Restriction: Before you can perform the recovery procedure, you must have completed some configuration steps prior to the file corruption occurrence.
Note:
    • Some IBM® Workload Scheduler events that were triggered before applying the recovery procedure, might be triggered again after the recovery procedure has completed. This limitation concerns those events that are not managed through a message queue, for example, UNTIL, DEADLINE, and MAXDUR.
    • Jobs in USERJOBS Job Stream are not subject to resource controlling. As a result, affected resources should be adjusted and attended manually.
    • Prompts in the recovered plan might have a prompt number different from the prompt number in the original plan.

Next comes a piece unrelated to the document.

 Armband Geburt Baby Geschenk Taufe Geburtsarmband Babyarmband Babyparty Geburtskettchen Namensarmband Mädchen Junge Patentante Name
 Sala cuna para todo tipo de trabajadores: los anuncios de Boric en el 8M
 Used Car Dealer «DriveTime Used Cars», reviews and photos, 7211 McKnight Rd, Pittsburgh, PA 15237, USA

To prevent mismatches, prompt reply events are not recovered.
  1. Complete the following configuration steps so that you can use the recovery procedure in the future if it becomes necessary:
    1. In the localopts file, add the following attribute and value: bm log events = ON.
    2. Optionally, customize the path where IBM Workload Scheduler creates the evtlog.msg event file by setting the bm log events path property in the localopts file. If you do not modify this setting, the evtlog.msg event file is created in the following default location: <TWA_INST_DIR>/TWS.
    3. Stop and start all IBM Workload Scheduler processes or run JnextPlan to create the evtlog.msg file.
    4. If necessary, you can configure the maximum size of both the evtlog.msg and Intercom.msg event files as follows:
      evtsize -c evtlog.msg 500000000
      evtsize -c Intercom.msg 550000000 
      Note: The default size of these event files is 10 MB. When the maximum size is reached, events are no longer logged to these files and the recovery procedure is unable to recover them and any that follow. Moreover, the following BATCHMAN warning is logged to <TWA_INST_DIR>/TWS/stdlist/traces/YYYYMMDD_TWSMERGE.log:
      13:11:51 18.10.2012|BATCHMAN:+ WARNING:Error writing in evtlog:
        AWSDEC003I End of file on events file.
      13:11:51 18.10.2012|BATCHMAN:* 
      13:11:51 18.10.2012|BATCHMAN:* AWSBHT160E The EvtLog message file is full,
        events will not be logged until a new Symphony is produced. Recovery with
        event reapply is no more possible until that time.
      13:11:51 18.10.2012|BATCHMAN:*
      If you encounter this problem increase the size of the evtlog.msg and Intercom.msg event files.
      Consider that for 80,000 jobs and a Symphony file of size 40 MB, the evtlog.msg file is approximately 70 MB in size.
      Important: The Intercom.msg maximum size should always be set to a value greater than the maximum size of evtlog.msg
      In the <TWA_INST_DIR>/TWS/stdlist/traces/YYYYMMDD_TWSMERGE.log trace file, the BATCHMAN process logs an informational line containing the expected size of the evtlog.msg queue. For example:
      19:02:06 14.10.2012|BATCHMAN:INFO:0.25 MB of events to log during this 
        batchman run
      If Intercom.msg reaches the maximum size during the recovery procedure, batchman stops.
    5. If the file system where evtlog.msg resides runs out of space, a BATCHMAN warning is logged to <TWA_INST_DIR>/TWS/stdlist/traces/YYYYMMDD_TWSMERGE.log as follows:
      13:10:36 16.10.2012|BATCHMAN:+ WARNING:Error writing in evtlog: 
        AWSDEC002E An internal error has occurred. 
      The following UNIX system error occurred on an events file: 
       "No space left on device" at line = 3517.
  2. Complete the recovery procedure:
    1. Ensure the IBM Workload Scheduler processes are stopped. Run conman stop to stop them.
    2. Copy the information retrieved by running the planman showinfo command.
    3. Run ResetPlan. The corrupted Symphony file is archived in the schedlog folder.
    4. Copy the second last Symphony file archived in the schedlog folder, and not the most recent one which is the corrupted file. For example, on UNIX, submit the following command:
      cp -p /opt/ibm/TWA/TWS/schedlog/MYYYYMMDDhhmm /opt/ibm/TWA/TWS/Symphony
    5. Run JnextPlan as follows using the information retrieved when you ran planman showinfo:
      JnextPlan -from MM/DD/YYYY hhmm TZ Timezone -for hhhmm
      where,
      -from
      Production plan start time of last extension.
      -for
      Production plan time extension.

When running this procedure, consider that the run number, that is, the total number of times the plan was generated, is automatically increased by one.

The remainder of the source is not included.